While Goldman Sachs and others in private enterprise pour billions into solar projects, a patchwork quilt of state incentives and tax breaks across the U.S. still hold tremendous sway over investment in solar energy and installations of rooftop panels.
It’s a reality Rio Davidson knows well. Davidson is the owner of Cascade Coast Solar, a small-scale solar installation firm in Newport, Ore. Leading up to 2017, business was going well, as homeowners were taking advantage of the state’s Residential Energy Tax Credit (RETC) program, which offered rebates that cut the installation cost of a rooftop system by as much as $6,000. Critically, the RETC incentives meant a new solar system would begin paying for itself typically within eight years — any longer and buyers get turned off, Davidson said.
Then the Oregon state legislature allowed the RETC to expire at the end of 2017, and new projects fell off. By the end of 2018, Oregon’s solar ranking had slipped five places to 19th in the nation, and solar industry jobs dropped 8%, to 3,654, according to the Solar Energy Industries Association.
“Once that credit ran out, it made a lot of systems just not pencil out for the regular homeowner,” Davidson told Karma. “Most companies here had to lay people off. It was widespread. Almost 95% of our work was residential, and it nosedived after the incentive went away.” Cascade Coast now focuses on resiliency installations—solar-powered battery back-up storage systems.
A new bill that restores a maximum $5,000 rebate passed the Senate this summer and awaits the governor’s signature, but is funded only by a limited trust of $2 million.
Success of the Sunshine State
Just south of the Oregon state line is a different world. Last week, California Governor Gavin Newsom signed into law AB 1208, which extends the state’s ban on cities and counties taxing the energy created by rooftop solar panels out to 2027. This exemption to the utility users tax, or UUT, has been in place since 2013 and is one of the incentives that help place California as the nation’s leader in solar power adoption.
Private equity and venture capital firms have spent more than $4 billion on solar ventures since 2018, and half of that went to projects in California, according to PitchBook data aggregated by Karma. Oregon, by contrast, received only $160 million in the same period, as its solar tax incentive expired in 2017.
Still, growth in the sector is impossible to ignore: Total solar capacity by commercial properties alone jumped 180% from the end of 2017 to 2018, to 7,000 megawatts (MW) nationwide, according to the Solar Energy Industries Association.
Given this momentum, Goldman Sachs has revived the yieldco, an investment model that purchases clean-energy projects and generates dividends for investors via electricity sales. The yieldco was a prominent tool for solar in the first half of the decade; SunEdison used two (TerraForm Power and TerraForm Global) to finance its rapid expansion and billions in acquisitions. But when the California-based company imploded in April 2016 and filed for Chapter 11 bankruptcy protection, investors soured on the yieldco model.
Now, Goldman has raised roughly $4 billion of equity and debt for its pending yieldco, and collected 1 gigawatt of solar arrays, or enough to power 725,000 homes, according to Bloomberg.

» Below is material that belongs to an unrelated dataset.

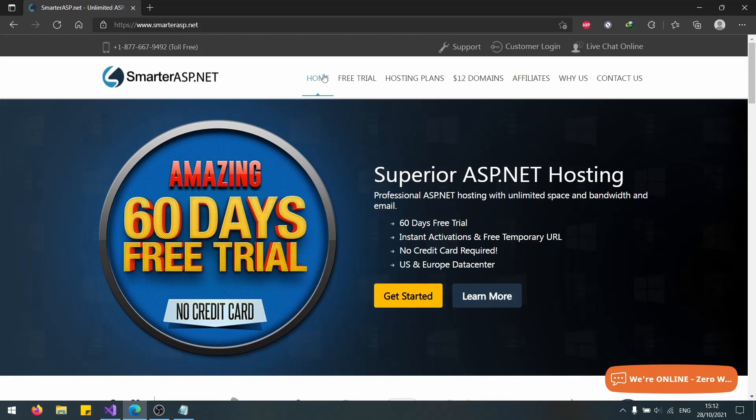Hello and welcome everyone. I hope you're all doing well. Today we'll be hosting our ASP.NET application using SmarterASP.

Not All Markets Equal Under the Sun
The national playing field for these investments is far from even. Texas is a prime example. The sun-drenched state (El Paso is the sixth-sunniest city in the nation) lags California, Arizona and New Mexico in solar capacity. Solar provides 0.5% of Texas’ total electricity, with residential solar supplying a miniscule 0.1% of generation, according to data from the federal Energy Information Association.
As the Federal Reserve Bank of Dallas pointed out in a recent note, Texas is one of only two states that do not require net metering, a provision where utility companies must purchase excess energy from residential solar panels. This allows homeowners to pay only for the net energy they consume or receive a credit if they generate a surplus. Combine this with Texas’s cheap cost of electricity—20% less than the national average—and solar is simply a non-starter, the Dallas Fed wrote.
Still, homeowners nationally want solar, and embrace the idea of producing their own energy, said Dave Rosenfeld, executive director of Solar Rights Alliance, a statewide association of one million California solar users.
“It’s safe to say that if this exemption [UUT] was not in place — if local governments were allowed to unreasonably tax people, then you probably would see less people choosing solar,” Rosenfeld told Karma. “Our members talk to their neighbors, and they say one of the single reasons people choose not to go solar is because they hear that down the road, the government or local utility may hit them with fees or charges on their solar that would impact their investment.”